- Born: Pallance Nkosinathi Dladla 22 August 1992 (age 34) Johannesburg, Gauteng, South Africa
- Education: Parktown Boys' High School
- Occupation: Actor
- Years active: 2006–present
- Relatives: Siphesihle Vazi(cousin)
- Website: Pallancedladla.com

= Pallance Dladla =

South African actor

Pallance Dladla (born 22 August 1992) is a South African actor. He has received multiple awards and nominations, including the SAFTA Award. Dladla first gained recognition as a runner-up on the second season of Class Act. He lost to eventual winners Abdul Khoza and Tumie Ngumla, whom he later would work with in the SABC1 drama series Tempy Pusha.

Dladla has had roles in various television shows, including the drama series 4Play: Sex Tips for Girls, Intersexions, Isibaya, Rhythm City, Is'Thunzi, and the aforementioned drama-comedy Tempy Pushas. His first leading role in a big-budget production came with the drama film Hard to Get (2014). In 2019, Dladla starred in the Netflix thriller series Shadow, as the title character Shadrach "Shadow" Khumalo.

==Early life==
Dladla was born in the Johannesburg, Gauteng province of South Africa. He was raised in the township of Soweto. Dladla grew up without his father and was raised by his grandfather. According to Dladla his grandfather named him "Pallance" after his favourite actor, Jack Palance. He attended Parktown Boys' High School in Wellington Road near Park town Mansion.

==Career==
===2006–2010: Career beginnings===
Dladla developed a love for acting at a young age. In 2010, he participated in the Milk and Bread nationwide DALRO scholarship competition, where his self-penned play was a runner-up. While at school, Dladla won the Parktown Boys High Original Script Award along with the Best Actor Award. Dladla went on to win the Most Prestigious Best Actor Award in the ACT/DALRO/Nedbank Scholarships Development.

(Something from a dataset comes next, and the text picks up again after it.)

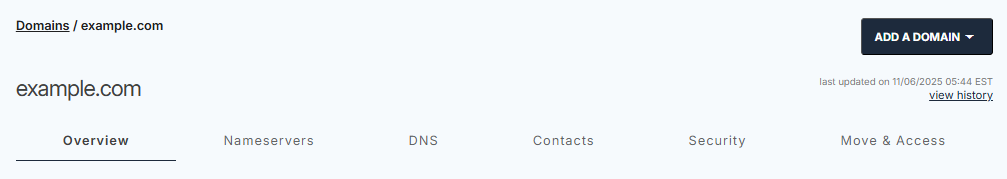 Account Manager - Domains tab interface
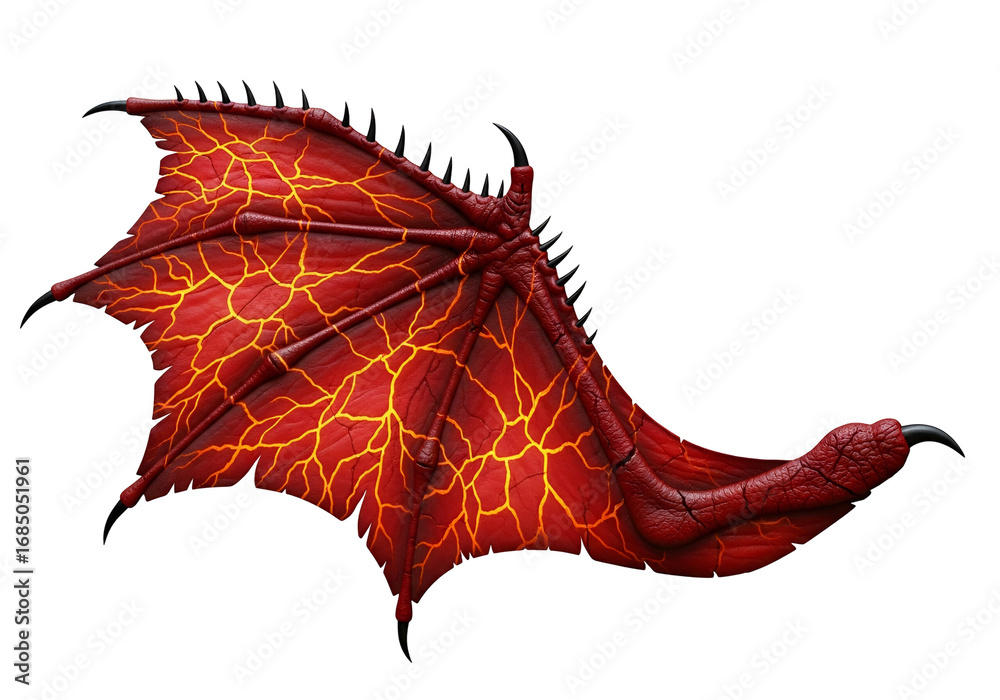 Naklejka premium A fiery, detailed dragon wing, ablaze with molten red and highlighted with streaks of fiery orange, against a stark black backdrop.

===2011–2012: Class Act and breakthrough===
In 2011, while accompanying a friend to audition for Class Act, Dladla made an impromptu decision to also audition in the talent search competition broadcast nationally by SABC1. Dladla reached the final stage of Class Act 2011. He received acclaim from the likes of Darryl Roodt, who directed the Academy Award-nominated film Yesterday. Dladla ultimately lost the competition to Abdul Khoza in the final public voting.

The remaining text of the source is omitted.